*Instructions to follow*
With the pictures removed, please write out every line below exactly as given.

*Given material*
______________________________
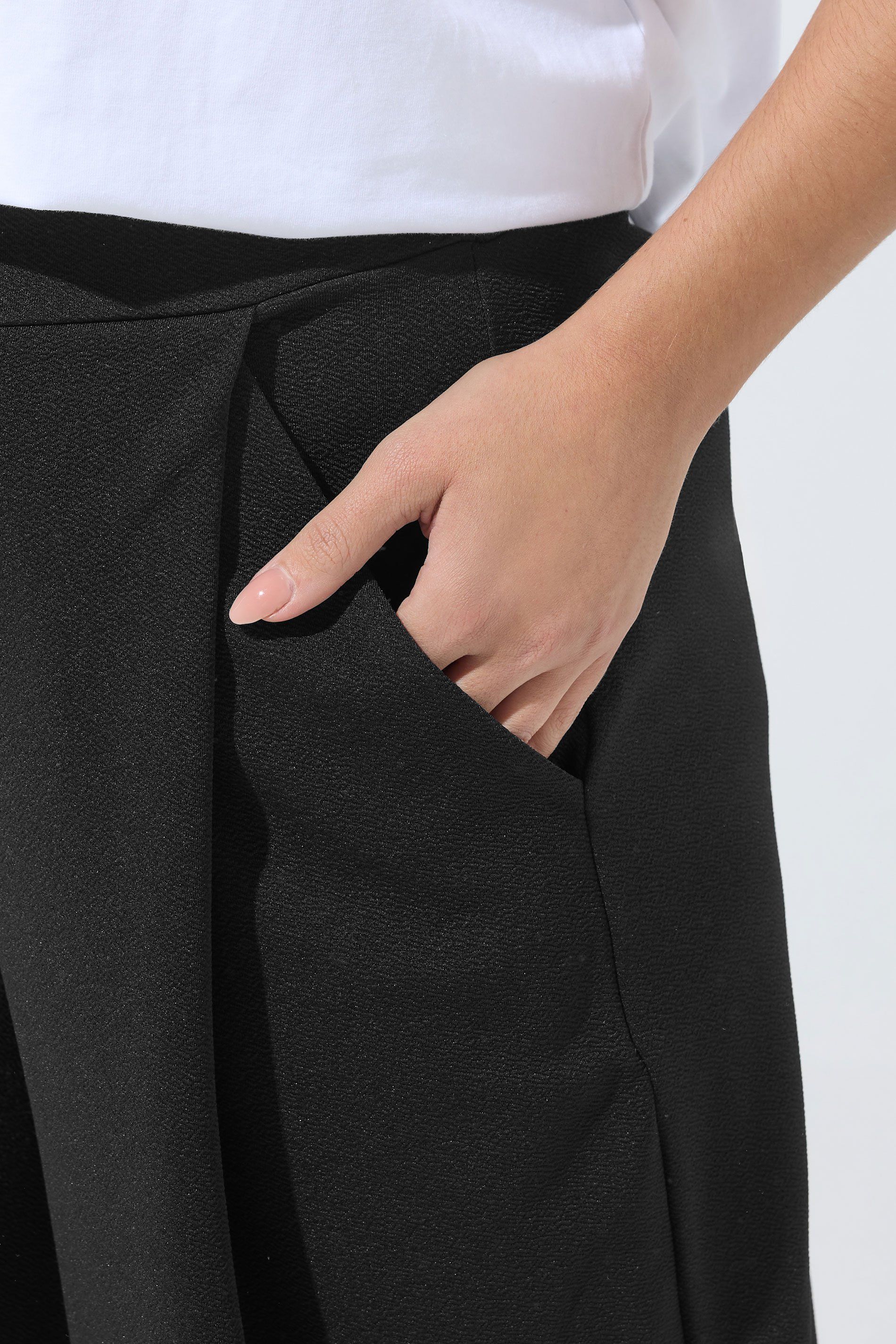 Yours Pleated Barrel Leg Trousers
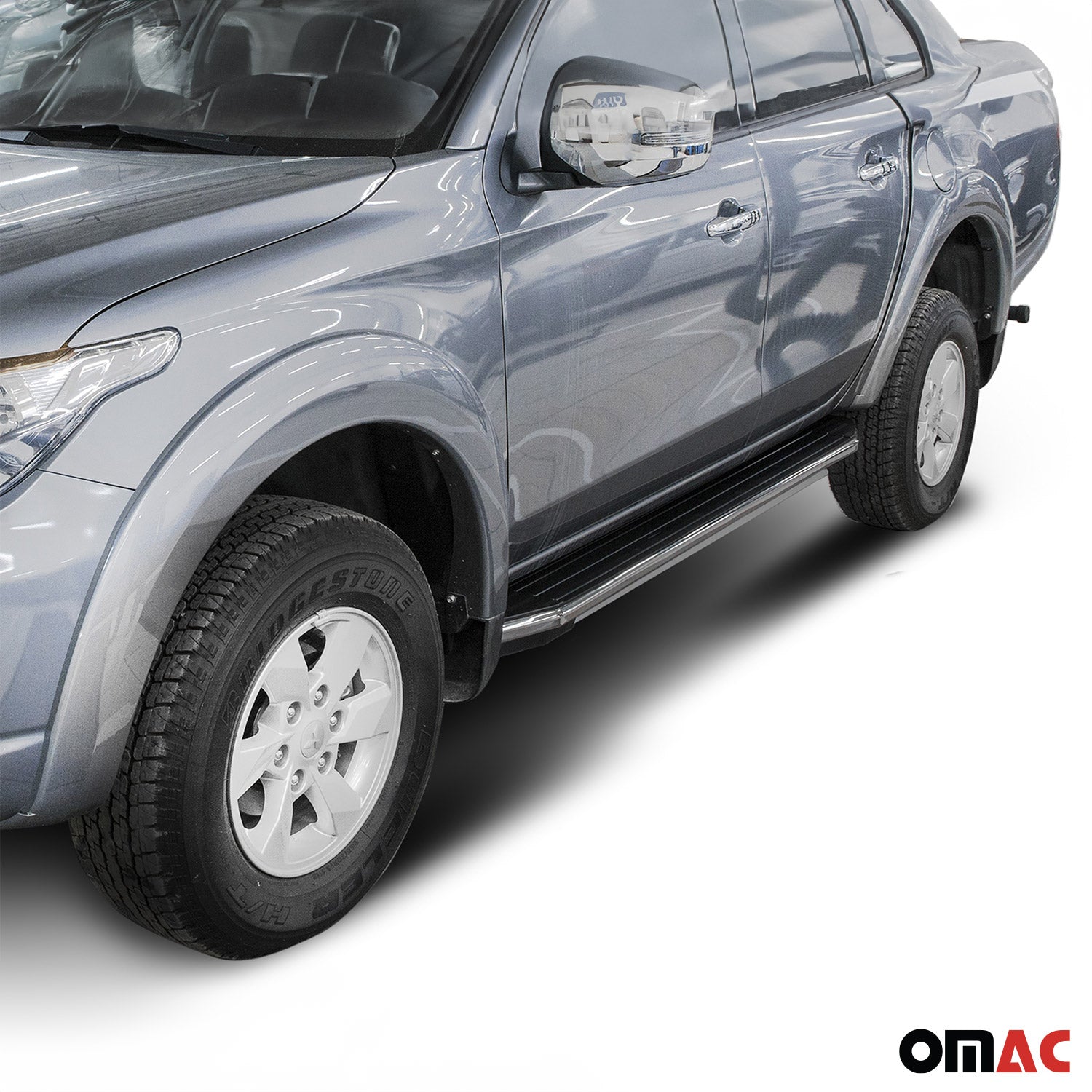 Trittbretter Seitenschweller für Nissan Navara II D40 2005-2014 Aluminium 2tlg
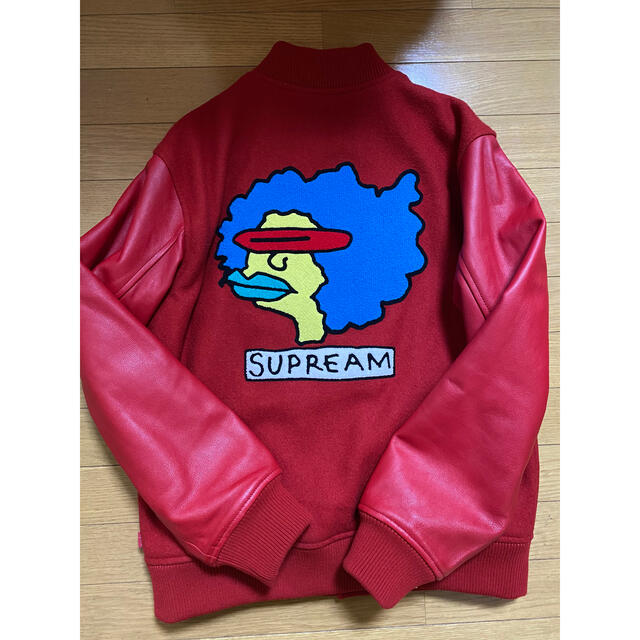 Supreme(シュプリーム)のSupreme gonz ramm varsity jacket M RED メンズのジャケット/アウター(スタジャン)の商品写真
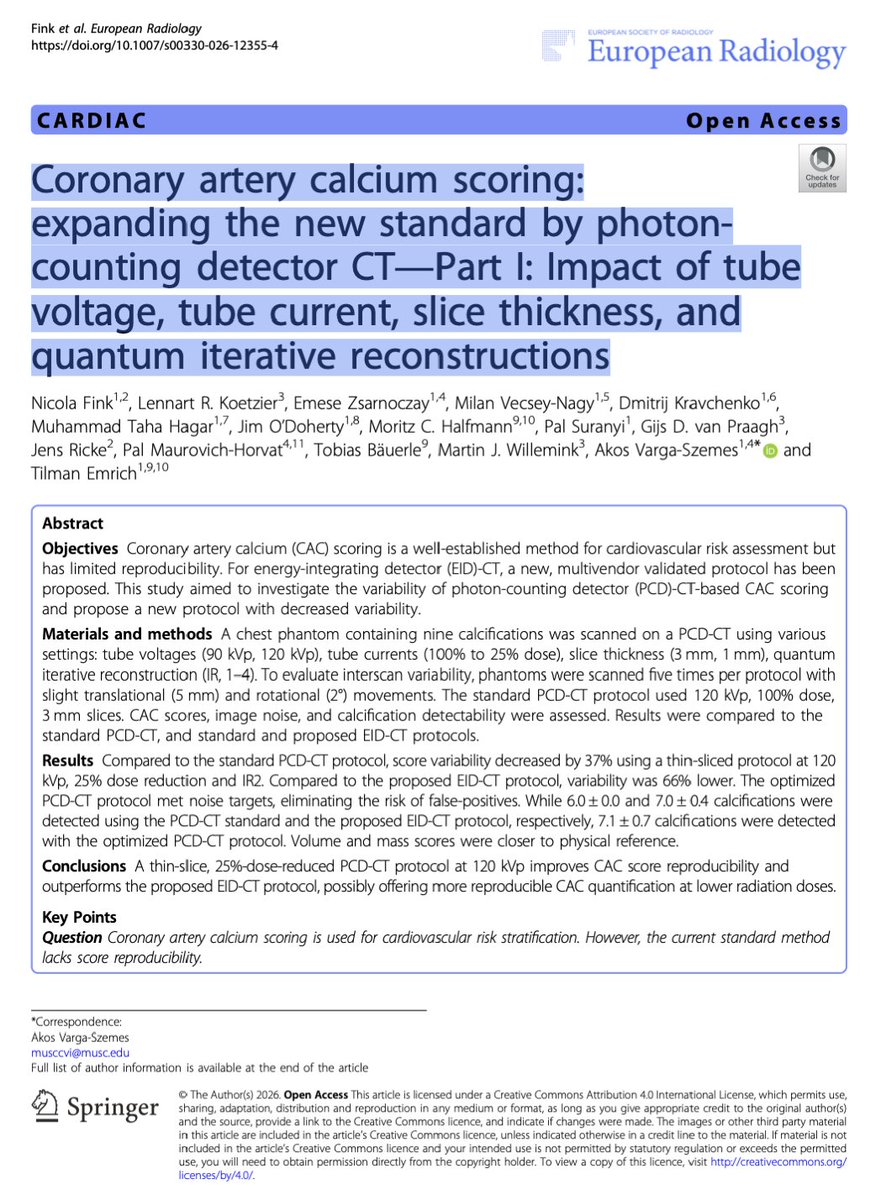 Dr. Filippo Cademartiri tweet media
______________________________
*Task response*
 Yours Pleated Barrel Leg Trousers
 Trittbretter Seitenschweller für Nissan Navara II D40 2005-2014 Aluminium 2tlg
 Supreme(シュプリーム)のSupreme gonz ramm varsity jacket M RED メンズのジャケット/アウター(スタジャン)の商品写真
 Dr. Filippo Cademartiri tweet media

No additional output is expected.